We present below some notes, critical reflections and comprehensive bets referring to this significance, which aim to contribute to the debates, studies and understanding of the 2017’s protest cycles.

√ Provisional context and unrest: In the middle of a deep social, economic and political crisis, sentences 155 and 156 of the Supreme Court of 28 March 2017 acted as a trigger that deepened the discontent with the pretensions of dissolving the National Assembly by divesting it of its functions and parliamentary immunity, endowing the President of the Republic with exceptional powers – and the court itself – over and above the Constitution and the laws. This was interpreted as a new and dangerous onslaught of the authoritarian project. The “sense of injustice” -as part of the interpretative frameworks that guided collective action-, of disrespect toward the popular will by suspending the constitutional order, of grievances to the democratic life of the country, constituted one of the most relevant aspects that began to give significance and meanings to the citizen rebellion that had been growing.
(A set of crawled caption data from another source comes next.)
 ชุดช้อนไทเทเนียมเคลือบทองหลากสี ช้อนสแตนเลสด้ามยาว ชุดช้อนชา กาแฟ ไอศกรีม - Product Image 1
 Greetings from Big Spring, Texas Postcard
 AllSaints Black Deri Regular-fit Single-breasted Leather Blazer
√ Authoritarian context, violence and repression. Did the protests fail? The ferocious repression of the Venezuelan State, in its attempt to control and stop the protests, acting jointly with allied paramilitary forces, shaped and conditioned in large part the arising, boom and end of the cycle of protests. This also had an impact on the use of violence against repressive forces by minority groups of protesters, who, encouraged by an interested and enthusiastic epic-heroic discourse, fomented the confrontation and the escalation of violence, often overshadowing the massive, plural, civic and peaceful nature of the citizen protests.

A great sorrow in the collective subjectivity produced the 133 deceased and their families (out of which 101 people were killed directly during the demonstrations, according to data from the NGO Venezuelan Criminal Forum); over 5,000 arbitrarily arrested; more than 4,000 injured and 700 civilians presented before trials in military courts during the year 2017; hundreds of political prisoners and their suffering families… At the end of the year 2017, it prevailed the analyses that qualified the citizen protests as a great failure due to these tragic events and because they did not achieve a political change. This reduced look to the unleashed violence and its “results” distort their ends and nature, attributing the problem in many cases to the political-partisan objectives that are not their own as part and expression of social power under construction, which has unfairly and/or interestingly dismissed the relevant achievements, scope and significance of citizen protests.
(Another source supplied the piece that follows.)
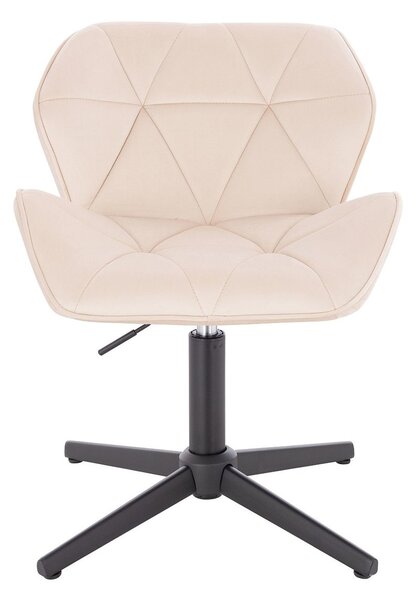 HR111CROSS Scaun Crem Catifea cu Bază Neagră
√ The protests, as sounding boards of the unrest, arose in the first instance to question, denounce and demand the Venezuelan State and the national government for respect toward the Constitution; respect for civil and political rights; restitution of democratic order and the rule of law in Venezuela.

Its fundamental objectives were, at first, to express the disagreement, the discontent, the indignation toward the decisions taken by TSJ, violating the constitutional order; the blocking of political rights -by suspending the recall referendum and postponing regional elections in 2017-, due to the climate of persecution and oppression.
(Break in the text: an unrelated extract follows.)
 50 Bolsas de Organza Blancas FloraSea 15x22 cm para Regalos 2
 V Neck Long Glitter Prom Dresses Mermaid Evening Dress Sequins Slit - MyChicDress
As they developed, the objectives of the protests were focused on summoning Venezuelans to mobilise and concretise initiatives to consult the popular will, trying to open a peaceful and democratic route to political change. We can say that all of these objectives were met with great success, whose most outstanding achievements were to make visible the axis of meaning of the conflict and challenge the responsibilities of the rulers from all Venezuelans in the rescue of the democratic life of the country.

√ Tension over democratisation or non-democratisation: The holding of mass demonstrations, almost day in and day out, taking the public space with strength and determination during four months (122 days), managed to alter the routines of the country’s daily life during that period and draw the attention of the international community with great political incidence on the whys of the citizen claim and the deep socio-political crisis. We can say, then, that civil society responded to the dynamics of non-democratisation and to the state of exception imposed by the government with its own way of creating an exceptional situation of citizen rebellion for democratising purposes as part of the political struggle.

√ Tension of violent resistance-active non-violent resistance: This tension arose from this situation of confrontation, on the one hand, between citizen organisations and initiatives, and on the other, between social actors and political leaders, which generated a significant debate about the ethics of violence and the risks it represents in contrast to those of active non-violent resistance and its possibilities.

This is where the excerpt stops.